• Required action: Quote the data below in full, minus the images.

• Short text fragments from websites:
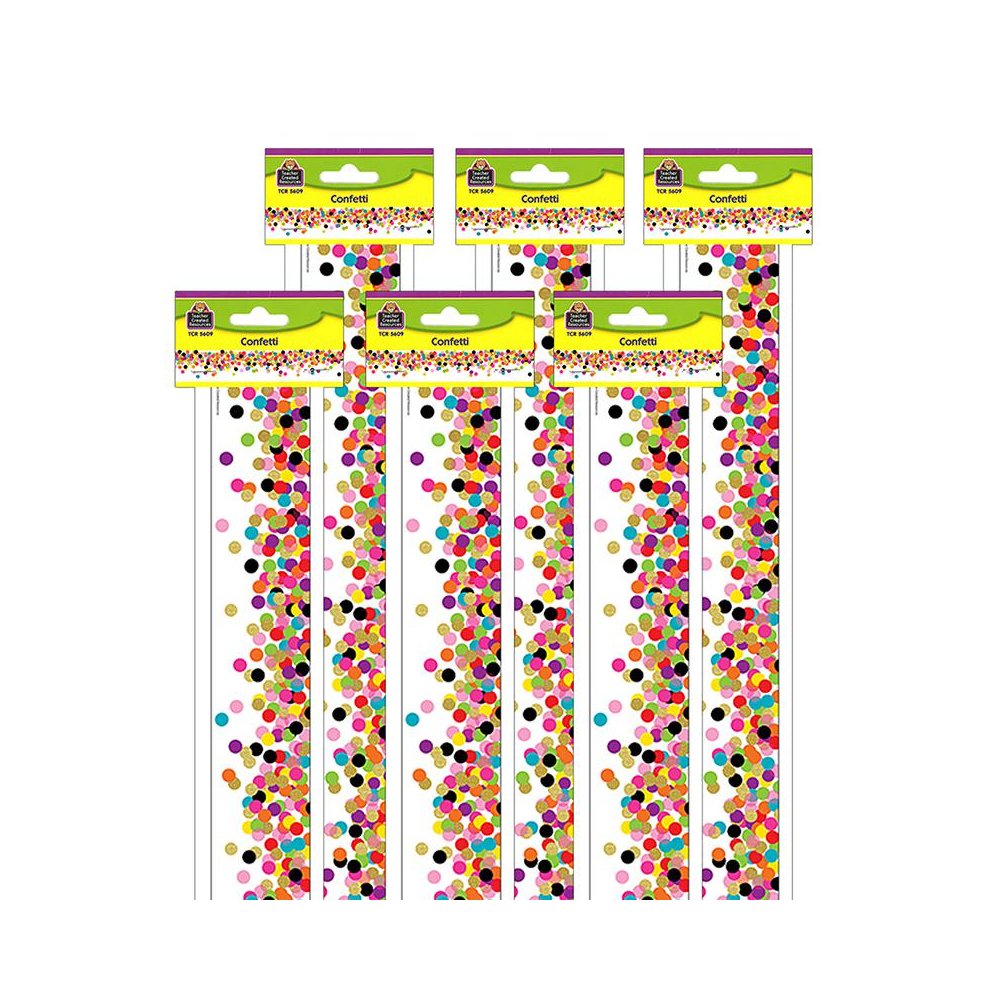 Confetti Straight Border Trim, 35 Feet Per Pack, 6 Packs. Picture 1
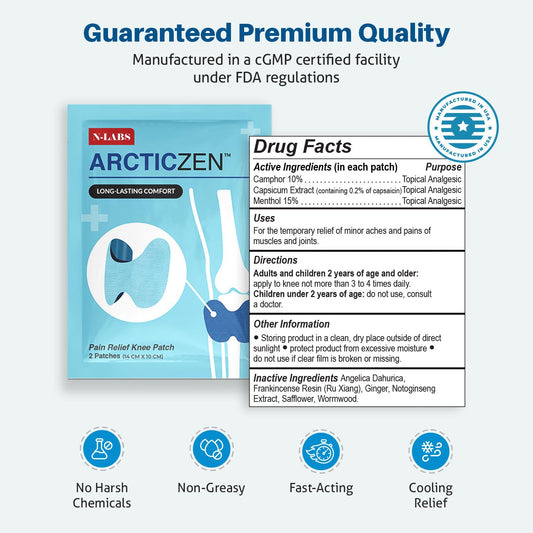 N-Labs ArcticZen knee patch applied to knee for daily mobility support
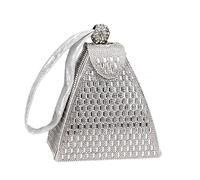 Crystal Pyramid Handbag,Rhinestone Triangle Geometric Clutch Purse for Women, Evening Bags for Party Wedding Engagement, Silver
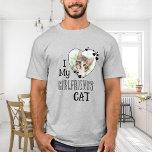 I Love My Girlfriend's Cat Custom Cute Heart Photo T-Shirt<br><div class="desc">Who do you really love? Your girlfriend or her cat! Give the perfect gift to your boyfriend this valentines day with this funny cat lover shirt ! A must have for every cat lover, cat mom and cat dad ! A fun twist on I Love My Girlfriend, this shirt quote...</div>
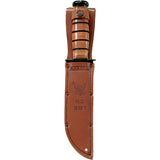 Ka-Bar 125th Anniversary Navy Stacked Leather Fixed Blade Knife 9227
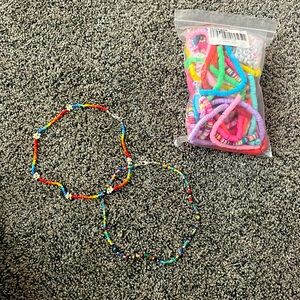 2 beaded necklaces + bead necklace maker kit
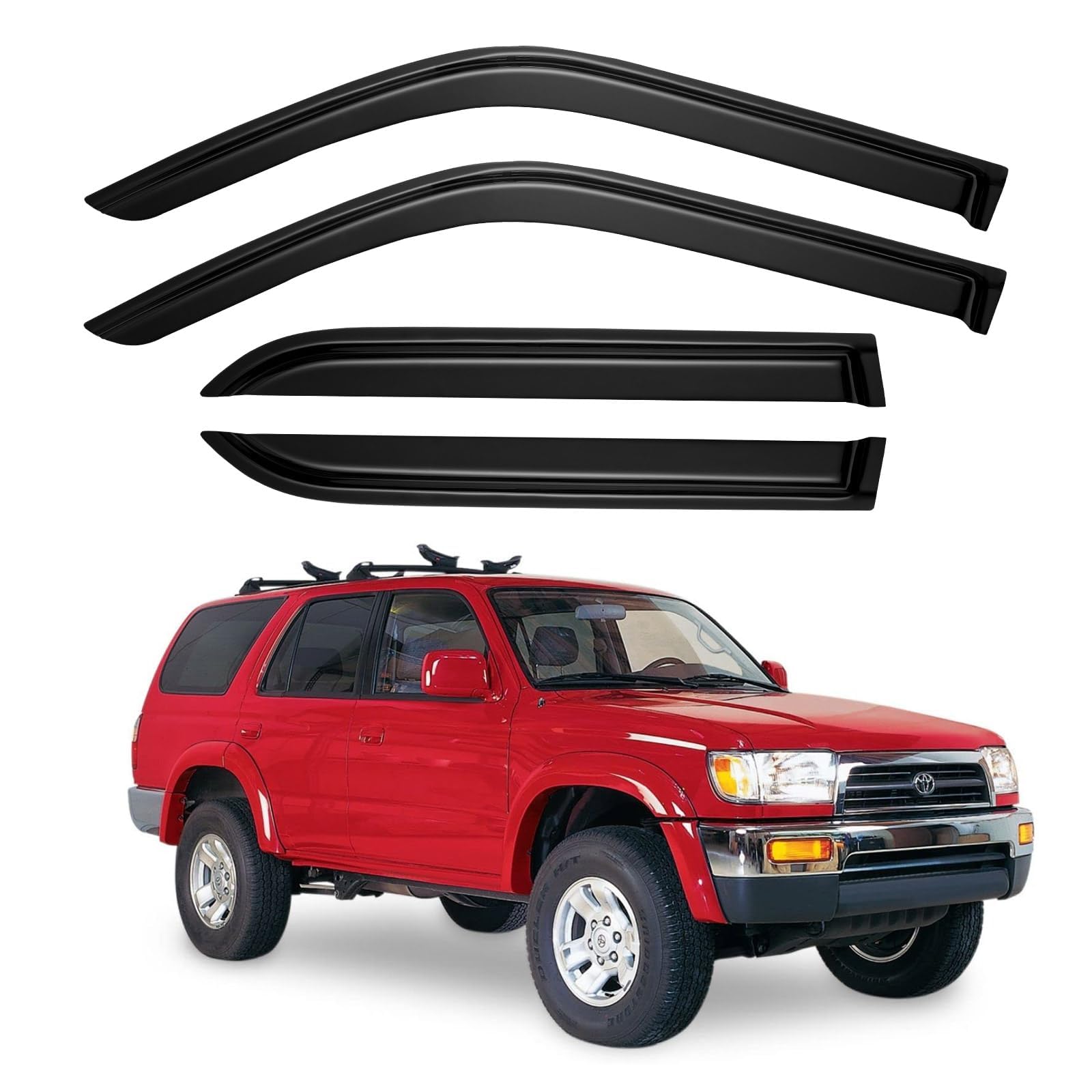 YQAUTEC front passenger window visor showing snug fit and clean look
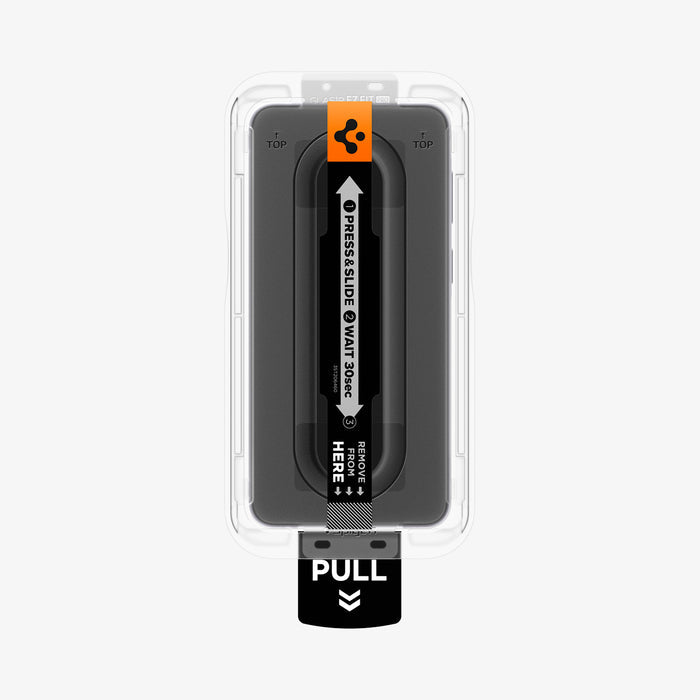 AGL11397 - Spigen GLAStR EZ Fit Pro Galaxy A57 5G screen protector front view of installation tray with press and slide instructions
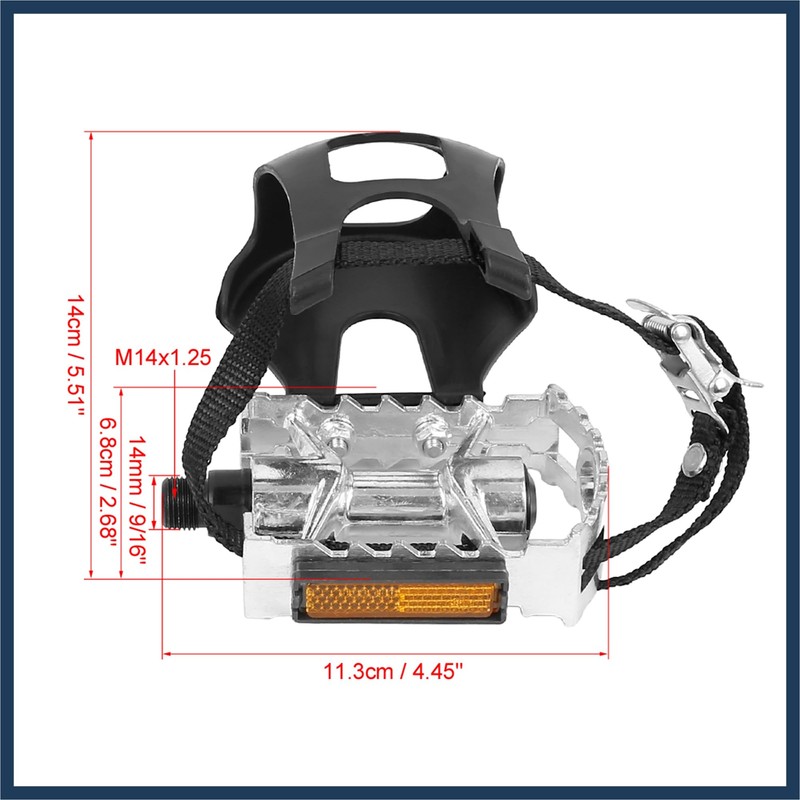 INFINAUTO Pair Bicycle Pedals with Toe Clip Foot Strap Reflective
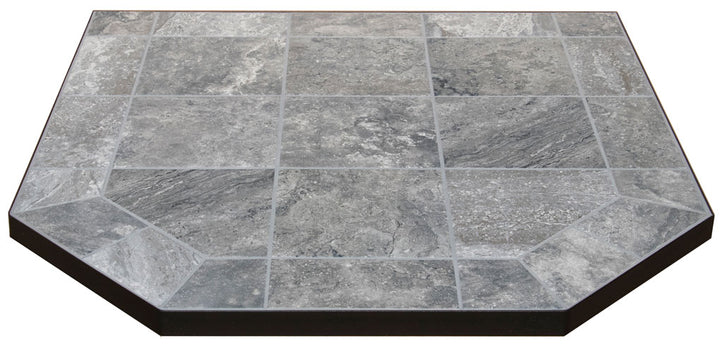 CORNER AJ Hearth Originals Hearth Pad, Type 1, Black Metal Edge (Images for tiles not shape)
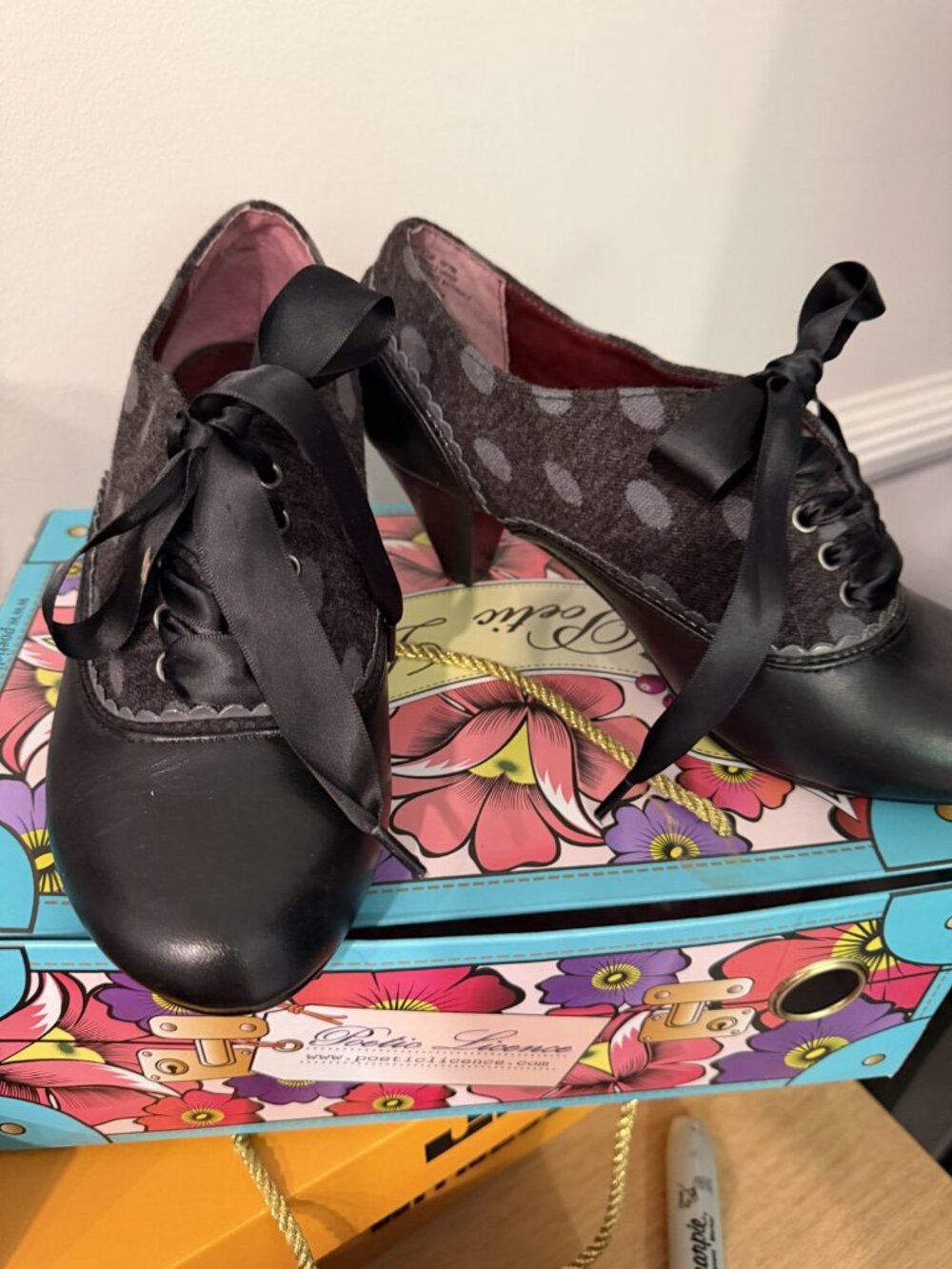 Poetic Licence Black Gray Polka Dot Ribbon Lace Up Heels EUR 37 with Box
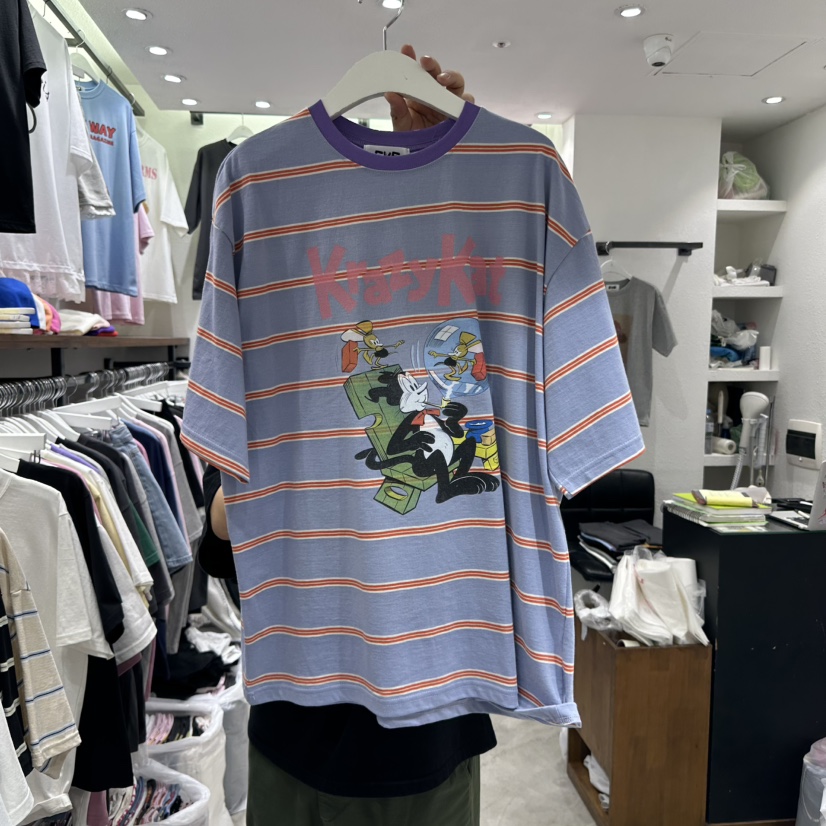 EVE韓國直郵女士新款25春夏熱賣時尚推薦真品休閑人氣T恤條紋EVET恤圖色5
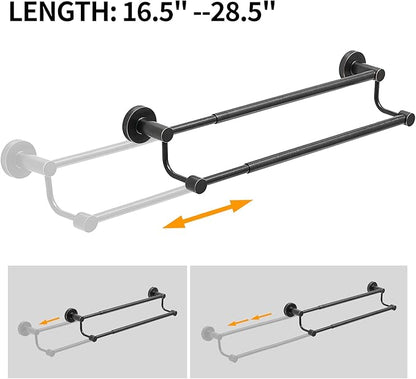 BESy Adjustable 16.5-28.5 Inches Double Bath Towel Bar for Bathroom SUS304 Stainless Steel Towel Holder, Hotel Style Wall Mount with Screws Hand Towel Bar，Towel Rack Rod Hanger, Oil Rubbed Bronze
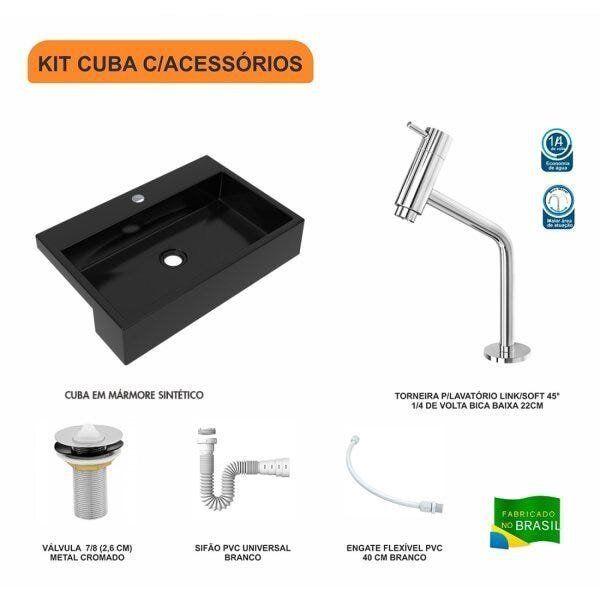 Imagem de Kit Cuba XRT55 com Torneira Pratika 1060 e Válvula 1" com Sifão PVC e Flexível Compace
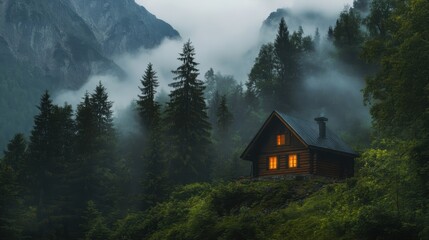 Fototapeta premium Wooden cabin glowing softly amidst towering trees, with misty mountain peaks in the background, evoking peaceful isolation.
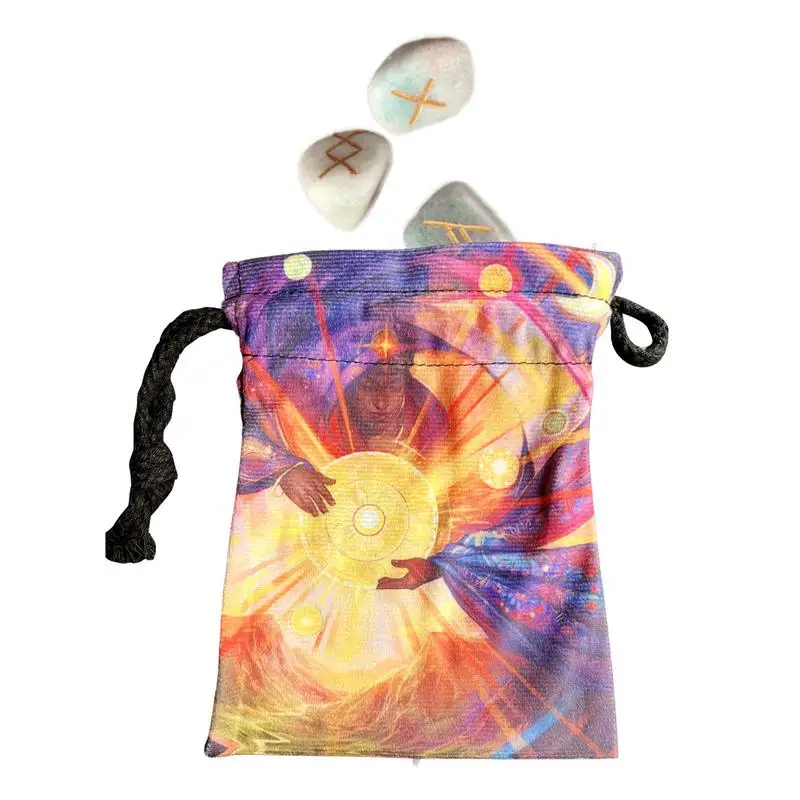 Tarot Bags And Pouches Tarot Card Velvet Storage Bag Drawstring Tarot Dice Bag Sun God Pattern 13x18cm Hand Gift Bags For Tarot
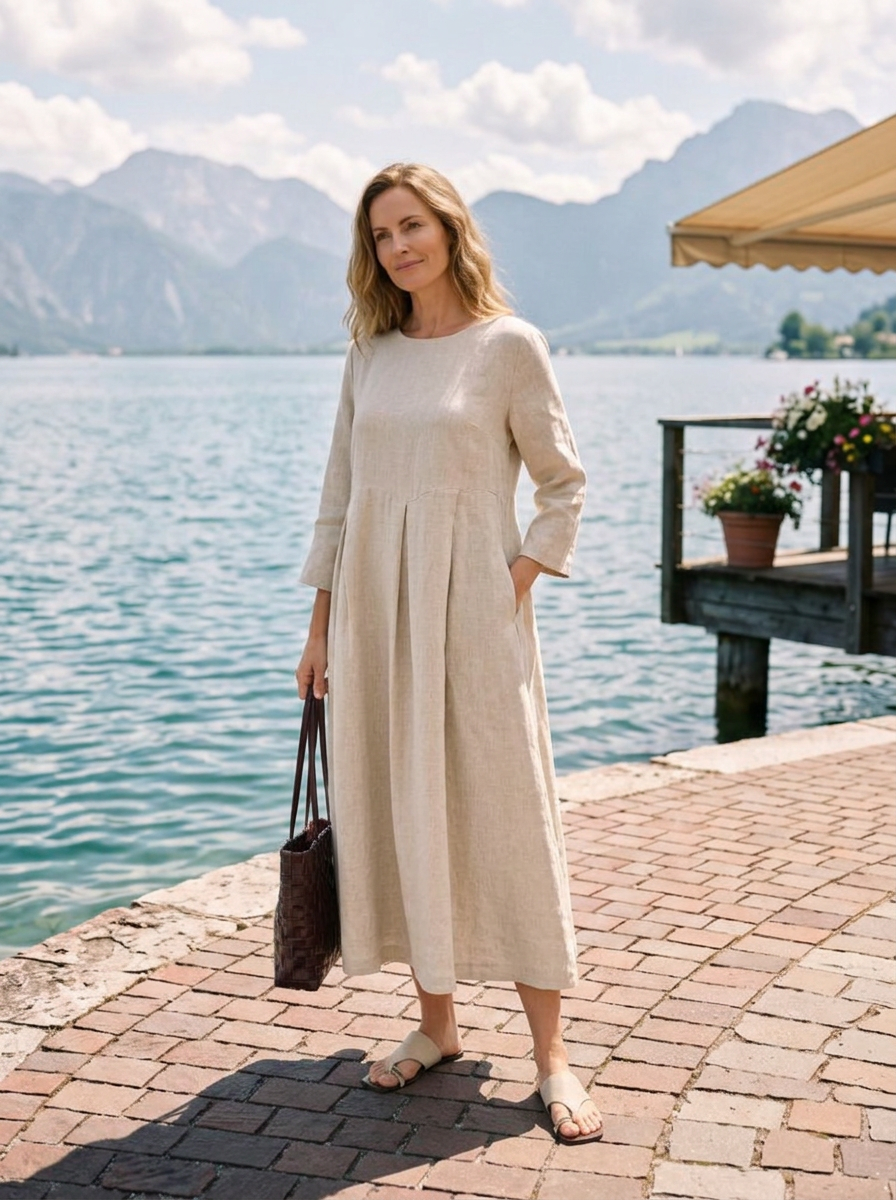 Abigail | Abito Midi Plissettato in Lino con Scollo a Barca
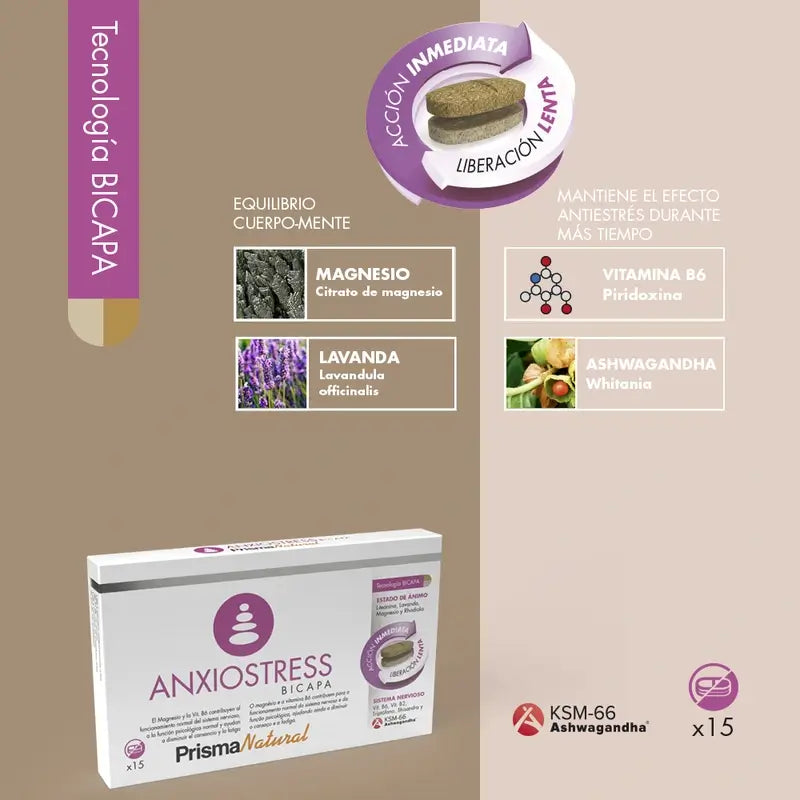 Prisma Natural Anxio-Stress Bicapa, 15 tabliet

• Task result:
 Confetti Straight Border Trim, 35 Feet Per Pack, 6 Packs. Picture 1
 N-Labs ArcticZen knee patch applied to knee for daily mobility support
 Crystal Pyramid Handbag,Rhinestone Triangle Geometric Clutch Purse for Women, Evening Bags for Party Wedding Engagement, Silver
 I Love My Girlfriend's Cat Custom Cute Heart Photo T-Shirt<br><div class="desc">Who do you really love? Your girlfriend or her cat! Give the perfect gift to your boyfriend this valentines day with this funny cat lover shirt ! A must have for every cat lover, cat mom and cat dad ! A fun twist on I Love My Girlfriend, this shirt quote...</div>
 Ka-Bar 125th Anniversary Navy Stacked Leather Fixed Blade Knife 9227
 2 beaded necklaces + bead necklace maker kit
 YQAUTEC front passenger window visor showing snug fit and clean look
 AGL11397 - Spigen GLAStR EZ Fit Pro Galaxy A57 5G screen protector front view of installation tray with press and slide instructions
 INFINAUTO Pair Bicycle Pedals with Toe Clip Foot Strap Reflective
 CORNER AJ Hearth Originals Hearth Pad, Type 1, Black Metal Edge (Images for tiles not shape)
 Poetic Licence Black Gray Polka Dot Ribbon Lace Up Heels EUR 37 with Box
 EVE韓國直郵女士新款25春夏熱賣時尚推薦真品休閑人氣T恤條紋EVET恤圖色5
 BESy Adjustable 16.5-28.5 Inches Double Bath Towel Bar for Bathroom SUS304 Stainless Steel Towel Holder, Hotel Style Wall Mount with Screws Hand Towel Bar，Towel Rack Rod Hanger, Oil Rubbed Bronze
 Imagem de Kit Cuba XRT55 com Torneira Pratika 1060 e Válvula 1" com Sifão PVC e Flexível Compace
 Fototapeta premium Wooden cabin glowing softly amidst towering trees, with misty mountain peaks in the background, evoking peaceful isolation.
 Tarot Bags And Pouches Tarot Card Velvet Storage Bag Drawstring Tarot Dice Bag Sun God Pattern 13x18cm Hand Gift Bags For Tarot
 Abigail | Abito Midi Plissettato in Lino con Scollo a Barca
 Prisma Natural Anxio-Stress Bicapa, 15 tabliet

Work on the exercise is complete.